Die Österreichische Akademie der Wissenschaften verleiht Angelika Adensamer den Dissertationspreis für Migrationsforschung 2023 für ihr Dissertationsprojekt Automatisierte Sprachanalyse im Asylverfahren. Rechtsschutz gegen Algorithmen im Verwaltungsrecht.
Automatisierte Analysen werden zunehmend auch in der staatlichen Verwaltung eingesetzt – nicht zuletzt auch im Asylverfahren. In Deutschland wird mittels einer Software der Dialekt der Asylwerbenden analysiert, um davon auf ihre Staatsangehörigkeit zu schließen. Der ganze Migrationsbereich der EU befindet sich seit einigen Jahren im ständigen Ausbau von Datenbanken, biometrischen Identifizierungsmethoden und Verfahren künstlicher Intelligenz.

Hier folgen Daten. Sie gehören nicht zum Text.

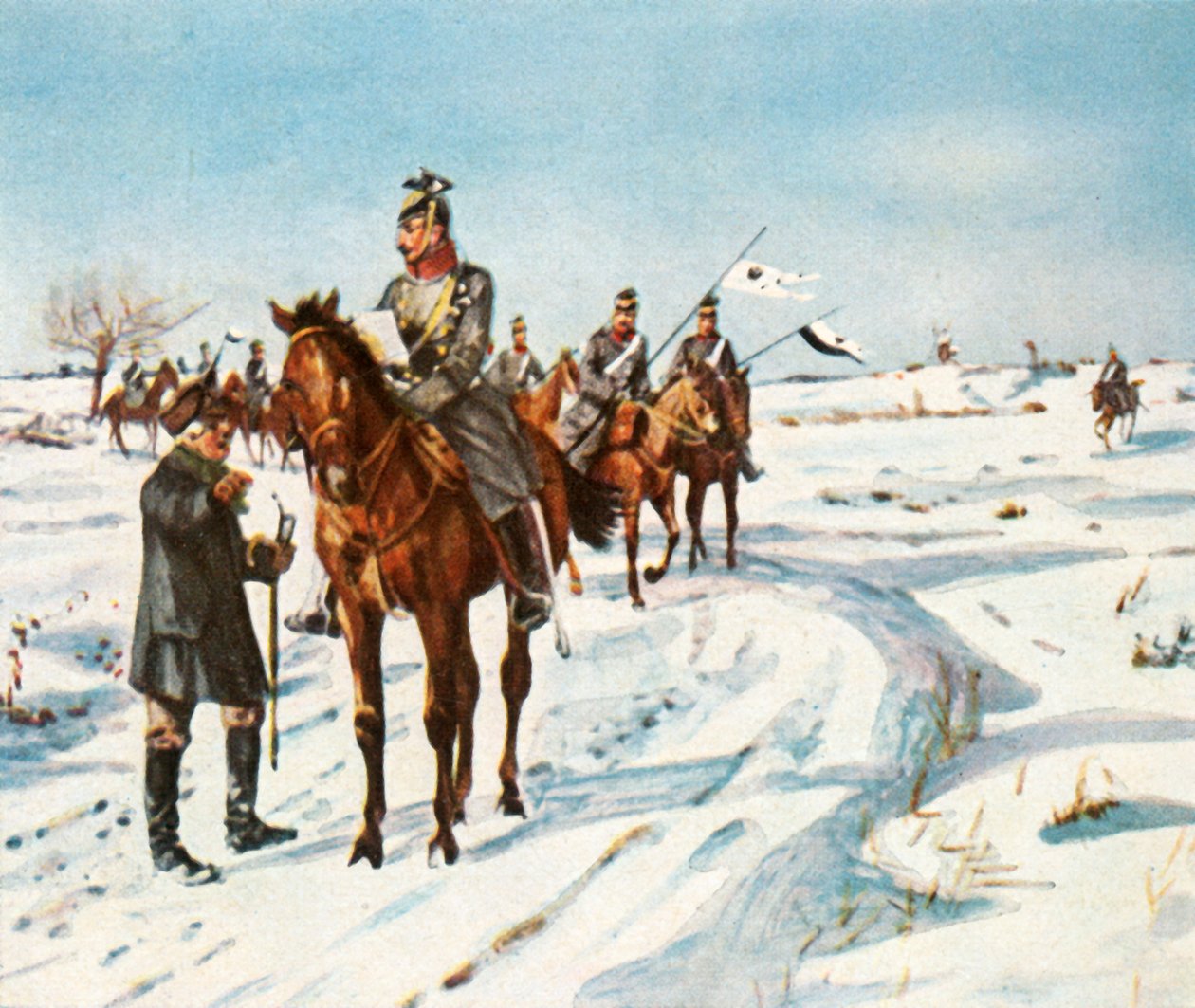 Spaningsryttare, 187071, 1936. av Unbekannt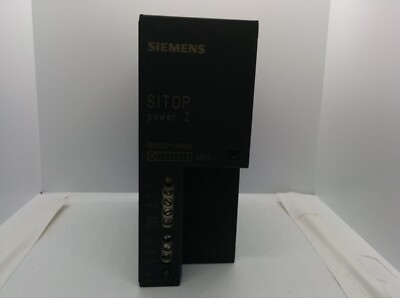 SIEMENS 6EP1331-2BA00 SITOP POWER 2 SUPPLY, AC230V/120V INPUT, 60/50Hz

Dies wirft die Frage auf, wie Betroffene von Entscheidungen, die auf automatisch generierten Beweisen beruhen, diese rechtlich bekämpfen können. Gerade im Asylbereich ist die Bedeutung eines funktionierenden Rechtsschutzes groß. Die Antragssteller:innen sprechen typischerweise weder die Landessprache, noch kennen sie das Rechtssystem und seine Gepflogenheiten, während von der Entscheidung über die Schutzgewährung oft buchstäblich ihr Leben abhängt.
Auf der anderen Seite stehen Programme, deren Funktionsweise und Datenbasis den Betroffenen nicht offen zugänglich gemacht werden, deren Ergebnisse auch die Behörden oftmals nicht erklären können, bzw. die in Fällen von machine learning vielleicht gar nicht erklärbar sind. Es ist jedoch unmöglich, Beweise zu entkräften, die intransparent oder nicht nachvollziehbar sind.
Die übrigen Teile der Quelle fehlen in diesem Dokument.